Le prime organiche riflessioni sul simbolo presero avvio nel secolo XIX nel circolo romantico di Heidelberg con G.F. Creuzer che parla del simbolo come di un'epifania del divino, «come un raggio che giunge dalle profondità dell'essere e del pensiero» (1810-1812, p. 35). La posizione di Creuzer fu condivisa anche da J.J. Bachofen per il quale il simbolo è qualcosa di in sé concluso e autosufficiente che può offrirsi a varie spiegazioni, restando tuttavia nella sua essenza completamente autonomo da ogni spiegazione. Questa posizione non è condivisa da G.W.F. Hegel che, confutando la concezione di Creuzer, che pensa il simbolo come qualcosa «in sé autonomamente concluso e per se stesso sufficiente» (1836-1838, p. 346), afferma che «simbolo in generale è un'esistenza esterna che è immediatamente presente o data all'intuizione, ma che non deve essere presa in base a lei stessa, così come immediatamente si presenta, bensì in un senso più ampio e universale. Quindi nel simbolo vanno subito distinti due lati: il significato e la sua espressione» (1836-1838, p. 344).

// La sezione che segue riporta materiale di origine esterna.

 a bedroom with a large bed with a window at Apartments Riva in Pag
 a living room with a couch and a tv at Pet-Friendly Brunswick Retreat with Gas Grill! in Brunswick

Dopo l'età romantica e idealistica, incontriamo, tra quanti risolvono il simbolo nel segno, Ch.S. Peirce che distingue l'icona che si riferisce all'oggetto in virtù di caratteri propri come ad esempio la similarità, l'indice che vi si riferisce in virtù di una determinazione come la causalità fisica, e il simbolo «che è un segno che si riferisce all'oggetto che esso denota in virtù di una legge, di solito un'associazione di idee» (1931-1935, p. 140), dove è evidente che il simbolo rientra nell'ordine dei segni, essendo legato all'oggetto da una convenzione sociale.

A un'identificazione tra simbolico e semiotico giunge anche E. Cassirer, che, partendo dal- îa premessa kantiana secondo cui la scienza non rispecchia la struttura dell'essere, ma pone i propri oggetti di conoscenza «come simboli intellettuali liberamente creati», considera l'attività simbolica come produzione delle condizioni di conoscibilità e «il simbolo non come un rivestimento meramente accidentale del pensiero, ma il suo organo necessario ed essenziale»; di qui la conclusione: «ogni pensiero veramente rigoroso ed esatto trova il suo punto fermo solo nella simbolica, nella semiotica, sulla quale esso poggia» (1921-1929, p. 20). Dopodiché Cassirer riconosce una differenza tra le forme simboliche «di natura concettuale» e le forme simboliche «di natura puramente imitativa», ma raccoglie queste differenze sotto l'identica categoria del simbolico-semiotico.

Una lettura del simbolo in stretta correlazione con il problema ermeneutico dell'interpretazione è riscontrabile in P. Ricoeur e in G. Vattimo per il quale «l'ermeneutica heideggeriana si fonda sul presupposto che ciò che rimane nascosto non costituisce il limite e lo scacco del pensiero, ma anzi il terreno fecondo su cui, solo, il pensiero può fiorire e svilupparsi» (1963, p. 150). Contrapponendo l'interpretazione all'ideale dell'esplicitazio-ne totale, Vattimo guarda alla parola non come a un segno, ma come a un richiamo non dissimile dal modo con cui i romantici leggevano i simboli; infatti «ciò per cui un pensiero vale - scrive Vattimo - non è quello che esso dice, ma quello che lascia non detto facendolo tuttavia venire in luce, richiamandolo in un modo che non è quello dell'enunciare» (1963, p. 152).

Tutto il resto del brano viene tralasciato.